March 15 (Bloomberg) -- Peruvian President Ollanta Humala’s approval rating fell for the first time in three months on concern he condoned special treatment for his brother, who’s serving a 19-year prison sentence for the killing of four policemen, a poll shows.
His approval rating slid to 55 percent from 58 percent the month earlier, according to the March 9-12 poll by Datum Internacional, which was published in the Lima-based newspaper Gestion today.
Antauro Humala, a former army major, was moved from a maximum security prison to a military lock-up March 4. Justice Minister Juan Jimenez told legislators this week the transfer was for safety reasons and said the government will investigate press reports he had obtained an iPhone and internet access in the penitentiary. According to Datum’s survey, 68 percent of those surveyed said Antauro Humala had received privileges in prison with the knowledge of the president.
Lima-based America Television on March 11 aired an image of Antauro Humala with his arm wrapped around a woman while he took their photo with an iPhone.
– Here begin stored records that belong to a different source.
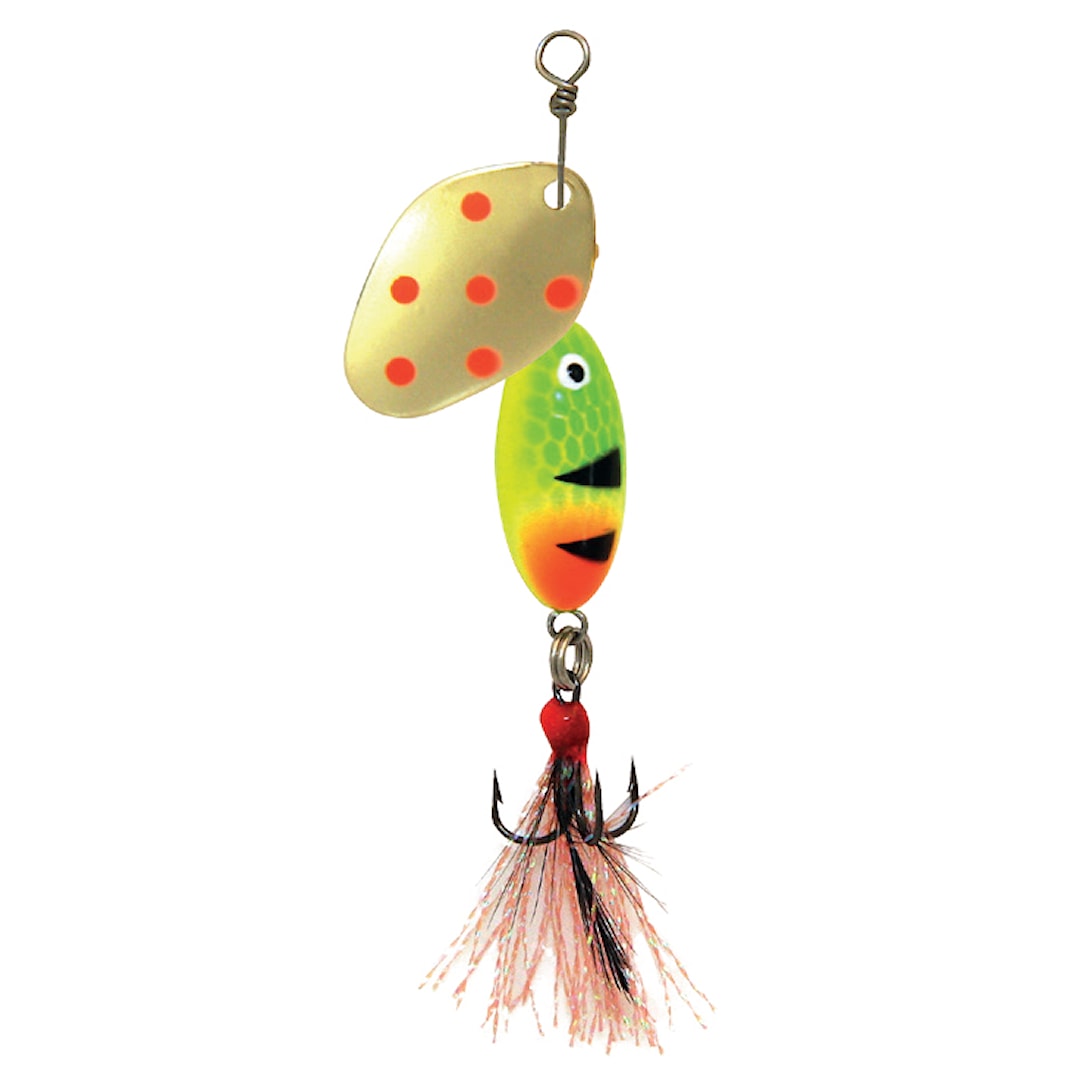 Jakki Linko spinnare 10 g 1128 - Jakki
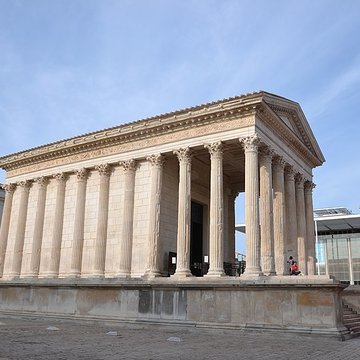 Maison Carrée de Nîmes
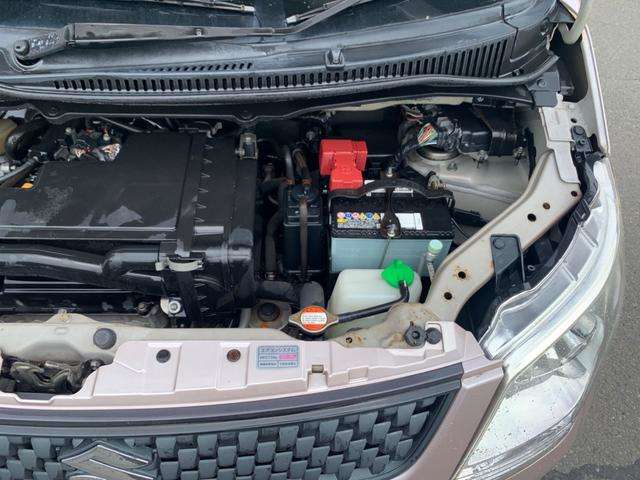 スズキ ワゴンＲ ６６０ ＦＸ H22年 (東北) 99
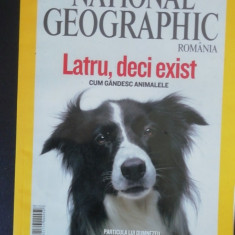 myh 113 - REVISTA NATIONAL GEOGRAPHIC - ANUL 2008 - PIESE DE COLECTIE!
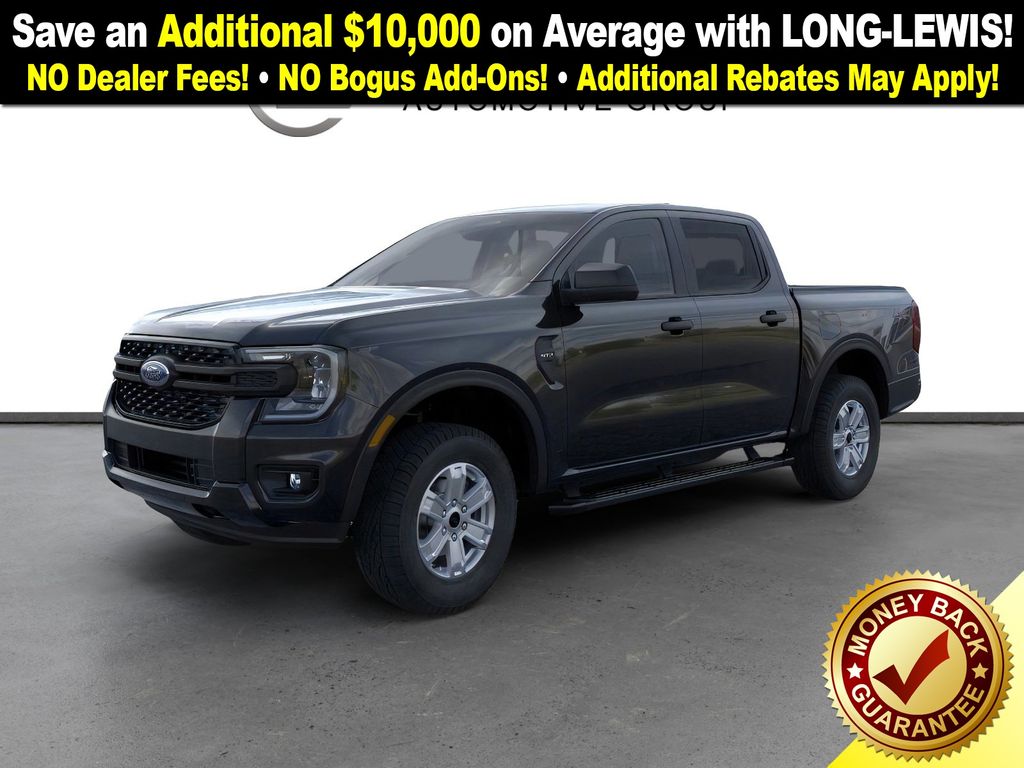 2025 Ford Ranger XL's photo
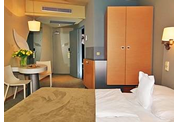 Yasmin Hotel, Prague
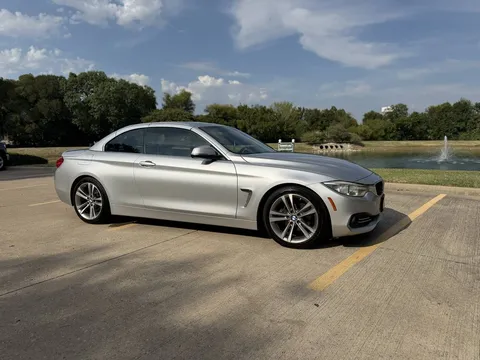 2017 BMW 428i Convertible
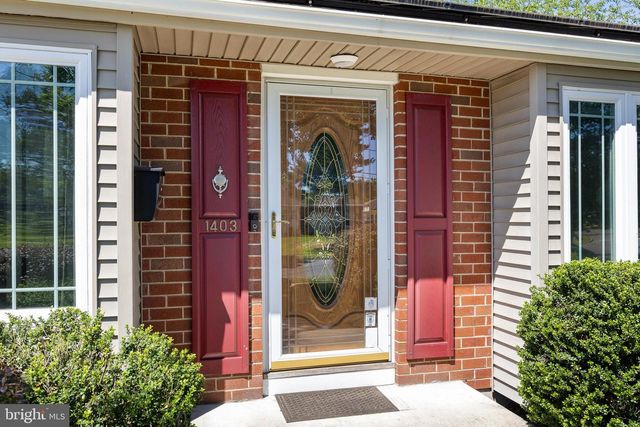 1403 GLENVIEW DR, Cinnaminson, NJ 08077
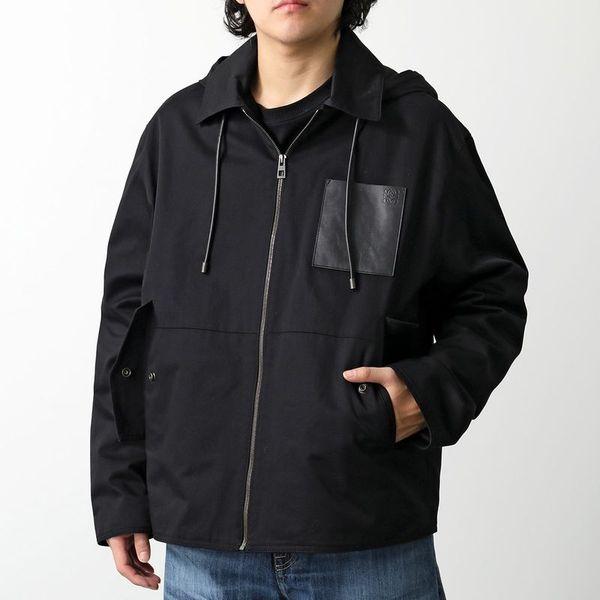 LOEWE（ロエベ） フーデッド ジャケット H526Y02W94 メンズ ブルゾン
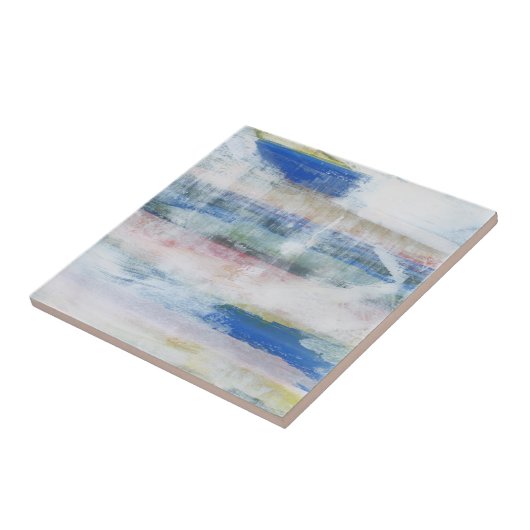 White Wash II Fliese (Seite)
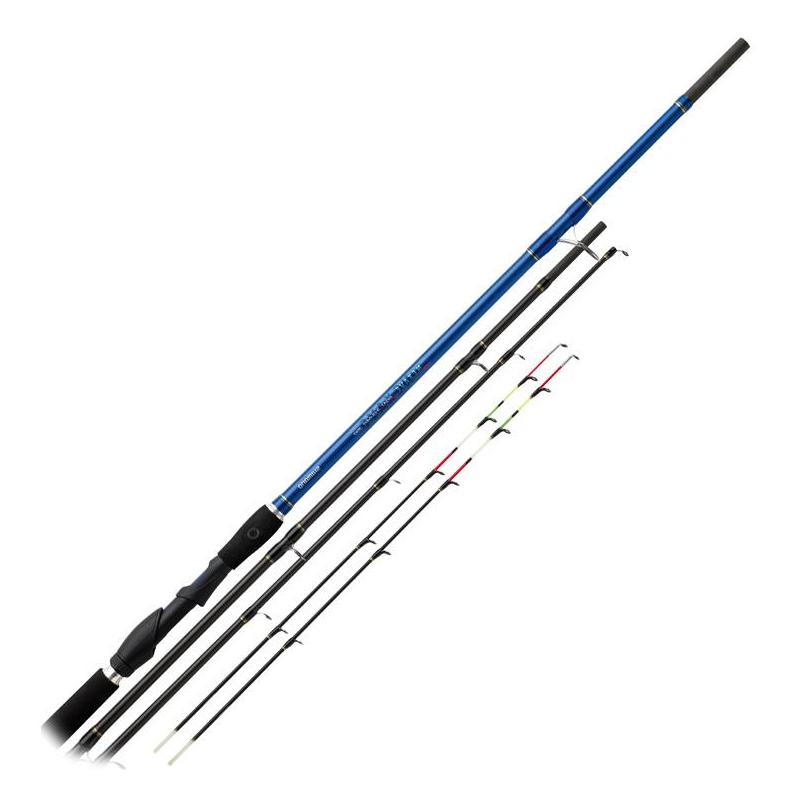 SALTWATER ROD SHIMANO NEXAVE BOAT QUIVER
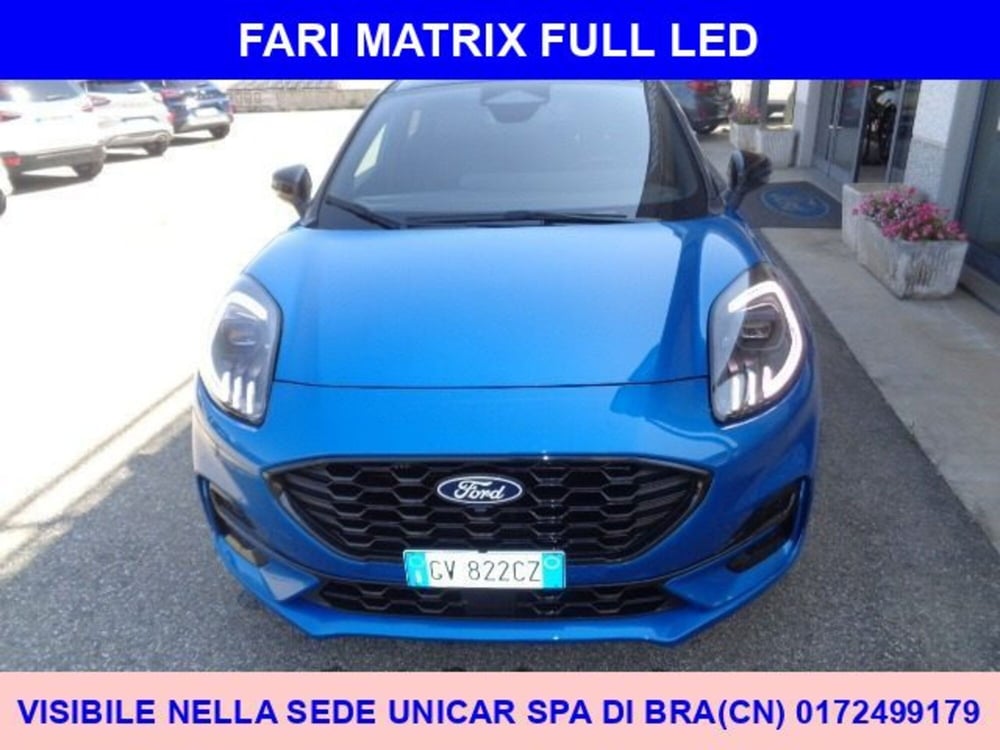 Ford Puma usata a Cuneo (2)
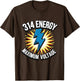 314 Energy Maximum Voltage Math Day Design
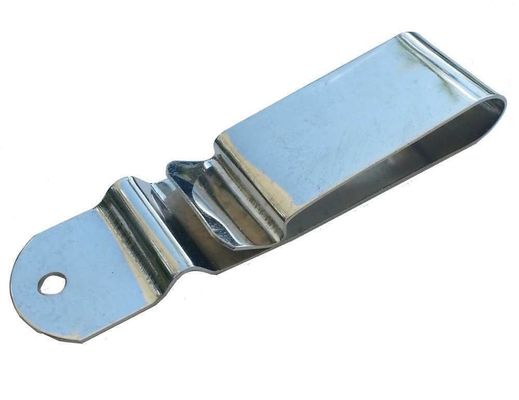 OEM Custom Metal Stamping Parts Aluminium en roestvrij staal Laser snijdienst met plaatmetalen fabricage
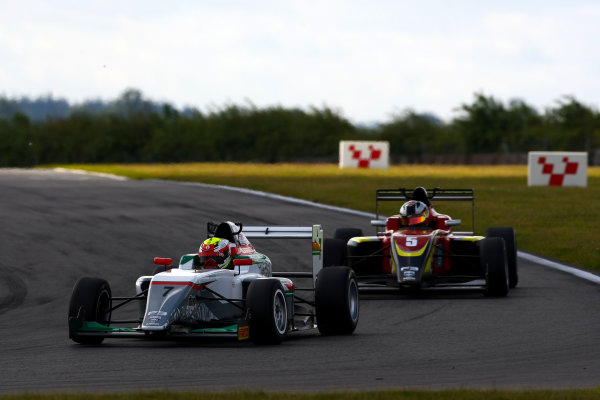 2016 BRDC F3 Championship,
Snetterton, Norfolk. 6th - 7th August 2016.
Al Faisal Al Zubair (OMA) Fortec Motorsports BRDC F3.
World Copyright: Ebrey / LAT Photographic. 2016 BRDC F3 Championship,
Snetterton, Norfolk. 6th - 7th August 2016.
Al Faisal Al Zubair (OMA) Fortec Motorsports BRDC F3.
World Copyright: Ebrey / LAT Photographic.
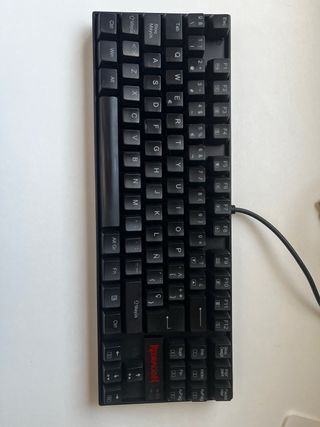 Teclado Mecánico Redragon Kumara RGB Español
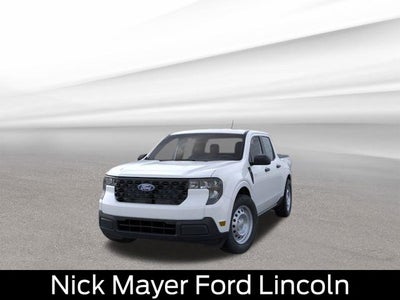 2026 Ford Maverick XL IN-TRANSIT
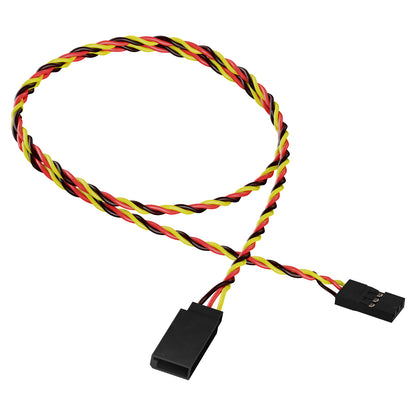 Servo Extension (3-Pos TJC8, MH-FC to FH-MC)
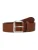 MUSTANG Riem  cognac / zilver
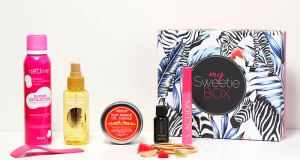 200 boxs « My Sweetie box » offertes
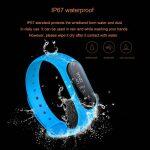 Y2 Smart Bluetooth Wristband with Heart Rate and Blood Pressure - Image 4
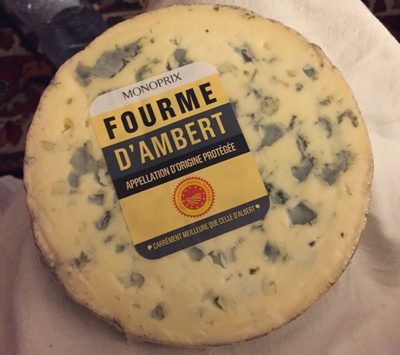 Fourme d'Ambert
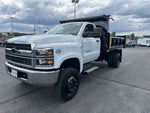 2024 Chevrolet Silverado 5500 HD Work Truck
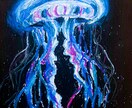 クレヨンで心に残る絵を描きます 世界にひとつだけの動物をクレヨンで残します イメージ7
Jimenez told lawmakers the president was “very worried” by the report, which also published e-mails his brother had sent to a member of staff in Congress and an employee at Newmont Mining Corp.’s local unit.
Antauro Humala was jailed in September 2009 for killing the officers during the takeover of a police station in the southern Andean town of Andahuaylas in 2005. He led a group of army reservists who opposed foreign investment and sought to renationalize state industries. The Supreme Court shortened his sentence from 25 years on Sept. 8.
The survey showed 41 percent of Peruvians are in favor of Newmont’s Minas Conga gold project, which was halted following local protests in November, while 40 percent are opposed to the $4.8 billion investment. Of those surveyed, 55 percent said mining investment in Peru will stall or decline if the project is canceled.
Datum questioned 1,206 people and the poll had a margin of error of plus or minus 2.9 percentage points.